Squared away: Brig corrections officer to become Army drill sergeant

By Airman 1st Class Tom Brading Joint Base Charleston Public Affairs

Within the U.S. Army, a drill sergeant is the symbol of perfection and military professionalism. They are responsible for coaching, counseling and preparing thousands of civilians and turning them into combat-ready Soldiers.

Becoming a U.S. Army drill sergeant is one of the highest honors for a noncommissioned officer and is a position reserved for the most squared-away soldiers; the best of the best.

Sergeant Eugennie Bednarz, Naval Consolidated Brig Charleston corrections officer at Joint Base Charleston - Weapons Station, was selected as one of the best. But, to understand her journey to becoming a drill sergeant, you have to go back to where it all started; Basic Combat Training at Fort Leonard Wood, Mo.

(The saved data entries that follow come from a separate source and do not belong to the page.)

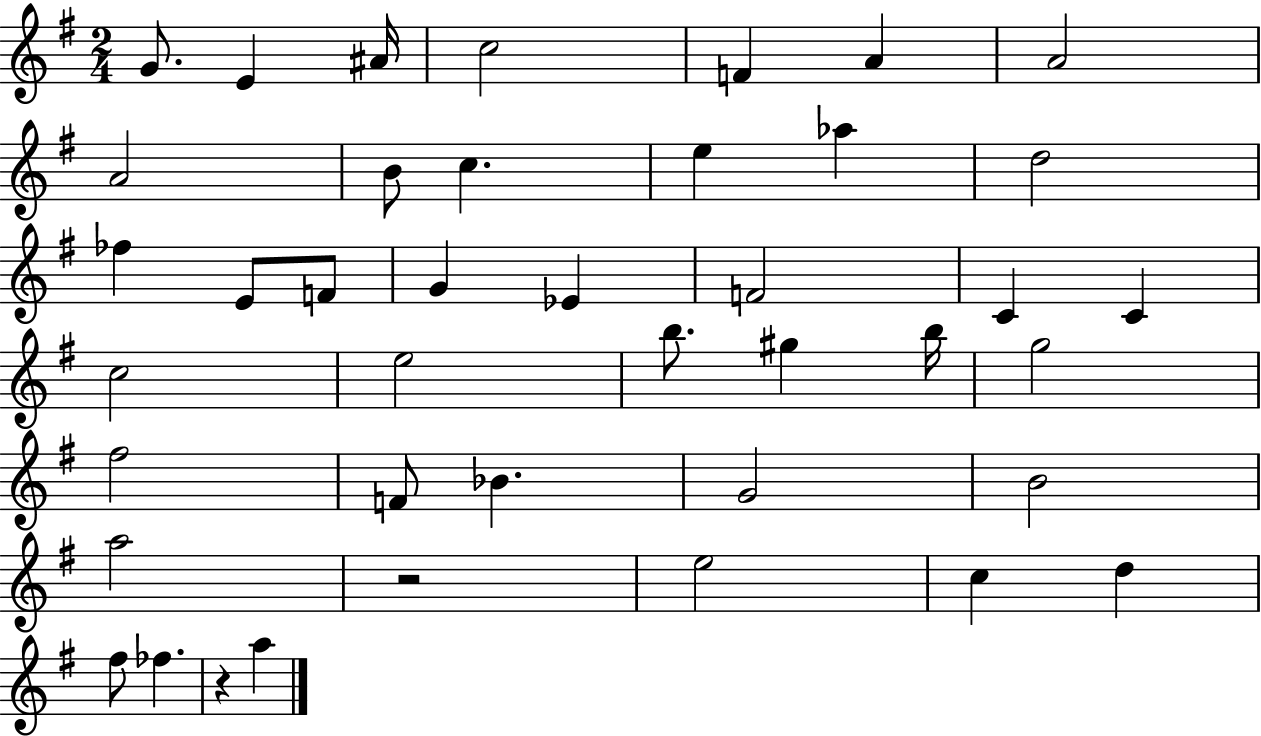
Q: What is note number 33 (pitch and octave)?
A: A5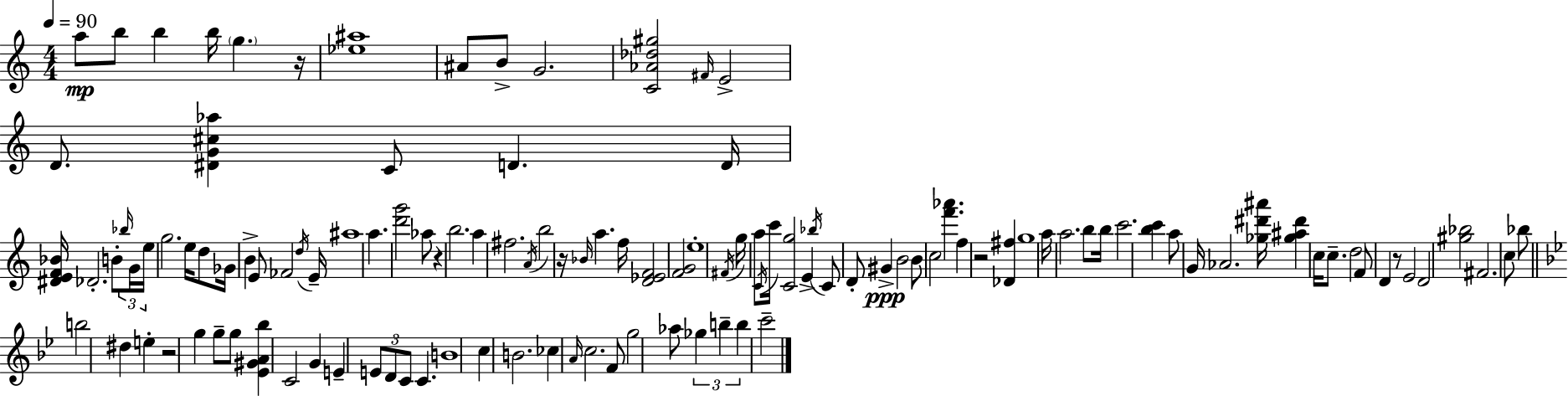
X:1
T:Untitled
M:4/4
L:1/4
K:Am
a/2 b/2 b b/4 g z/4 [_e^a]4 ^A/2 B/2 G2 [C_A_d^g]2 ^F/4 E2 D/2 [^DG^c_a] C/2 D D/4 [^DEF_B]/4 _D2 B/2 _b/4 G/4 e/4 g2 e/4 d/2 _G/4 B E/2 _F2 d/4 E/4 ^a4 a [d'g']2 _a/2 z b2 a ^f2 A/4 b2 z/4 _B/4 a f/4 [D_EF]2 [FG]2 e4 ^F/4 g/4 a/2 C/4 c'/4 [Cg]2 E _b/4 C/2 D/2 ^G B2 B/2 c2 [f'_a'] f z2 [_D^f] g4 a/4 a2 b/2 b/4 c'2 [bc'] a/2 G/4 _A2 [_g^d'^a']/4 [_g^a^d'] c/4 c/2 d2 F/2 D z/2 E2 D2 [^g_b]2 ^F2 c/2 _b/2 b2 ^d e z2 g g/2 g/2 [_E^GA_b] C2 G E E/2 D/2 C/2 C B4 c B2 _c A/4 c2 F/2 g2 _a/2 _g b b c'2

It was in the early morning hours of the fall and cold weather was blowing through the mid-west. Bednarz was a recruit at BCT and was about to repel 40 feet from the top of a wooden tower to the ground below. It's an obstacle known as "Warrior Wall" and for U.S. Army recruits, it's more than a wall, it's a rite of passage.

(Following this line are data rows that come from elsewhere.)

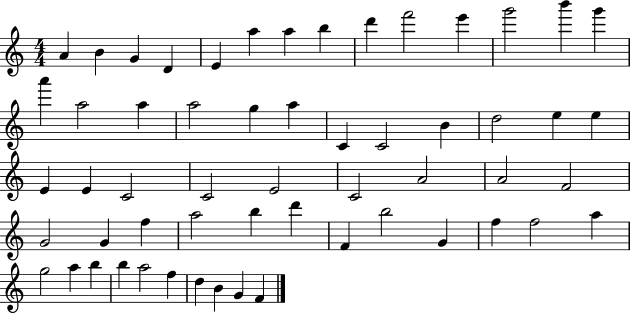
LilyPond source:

{
  \clef treble
  \numericTimeSignature
  \time 4/4
  \key c \major
  a'4 b'4 g'4 d'4 | e'4 a''4 a''4 b''4 | d'''4 f'''2 e'''4 | g'''2 b'''4 g'''4 | \break a'''4 a''2 a''4 | a''2 g''4 a''4 | c'4 c'2 b'4 | d''2 e''4 e''4 | \break e'4 e'4 c'2 | c'2 e'2 | c'2 a'2 | a'2 f'2 | \break g'2 g'4 f''4 | a''2 b''4 d'''4 | f'4 b''2 g'4 | f''4 f''2 a''4 | \break g''2 a''4 b''4 | b''4 a''2 f''4 | d''4 b'4 g'4 f'4 | \bar "|."
}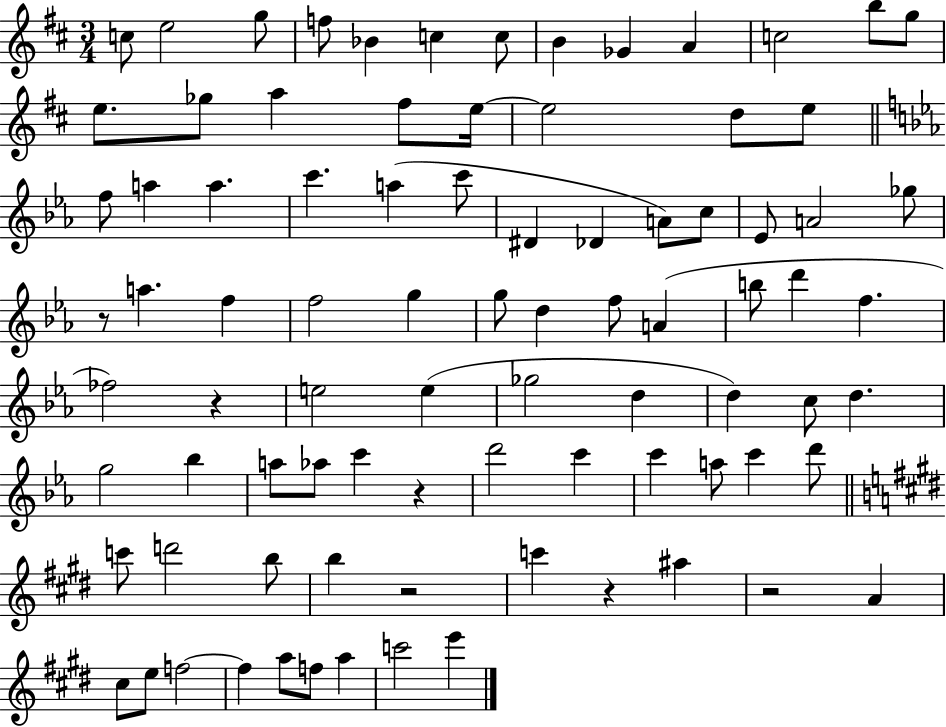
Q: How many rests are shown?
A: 6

Inches from the 40-foot edge of the Warrior Wall and moments before it was her turn to repel, Bednarz swallowed a deep breath of frigid air and let it rest heavily in her lungs. She tried blocking out her drill sergeant's growling presence momentarily by closing her tired eyes and remembering why she enlisted into the U.S. Army.

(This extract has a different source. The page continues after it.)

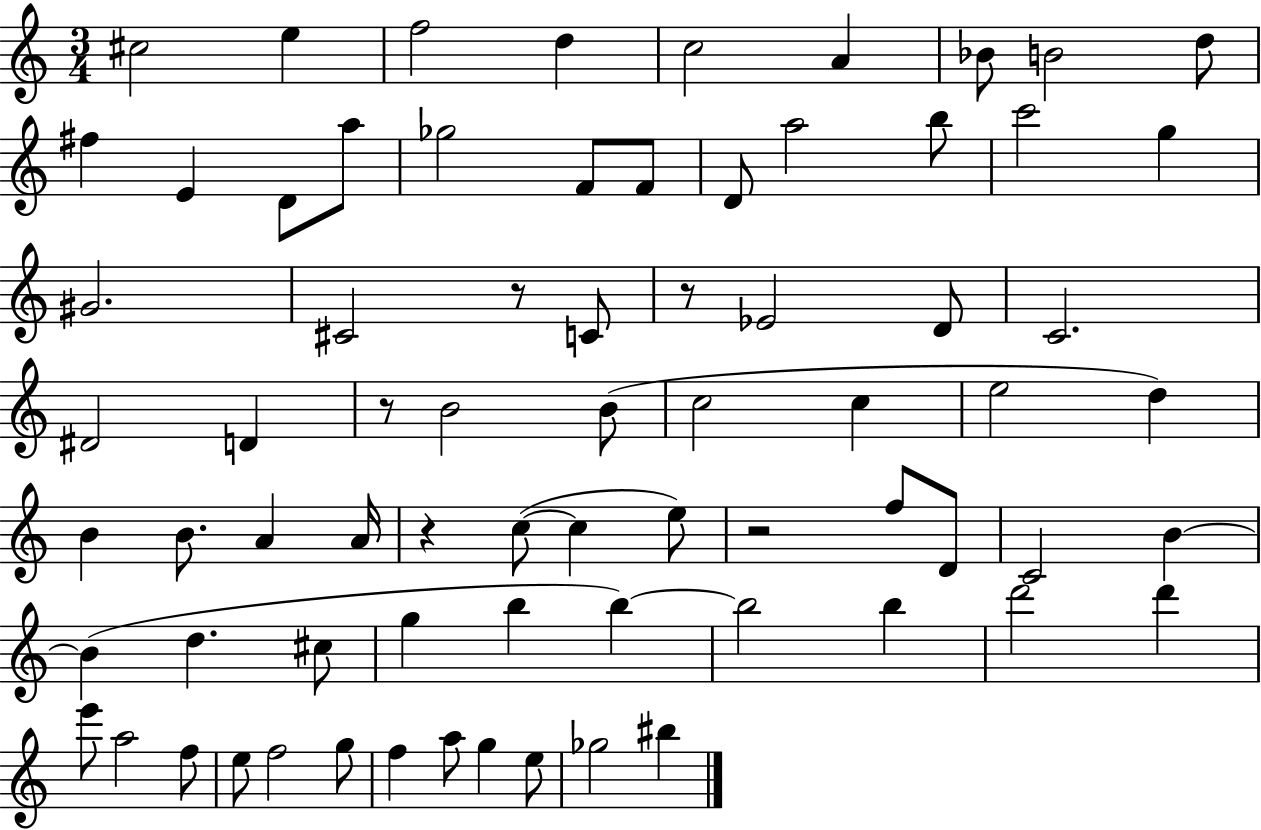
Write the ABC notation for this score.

At 29, Bednarz was not only older than the majority of her peers in her platoon, she also had years of experience within the military community as a manager with the Army and Air Force Exchange Service.

While working at AAFES, she became friends with service members. They knew her by name and their friendships meant the world to her. It wasn't until a tragedy close to home changed everything.

"I was part of a memorial service at Fort Riley," said Bednarz. "A young Soldier was killed in combat. I was standing road-side for part of his memorial during the funeral precession."

According to Bednarz, the expressions on the family's faces as they rode past, especially the children's lost stares ignited a fire within her.

"Something about seeing that fallen Soldier's family and funeral precession made me reevaluate what I needed to do with my life. I enlisted to honor him and the thousands before him, as well as defend my country," said Bednarz.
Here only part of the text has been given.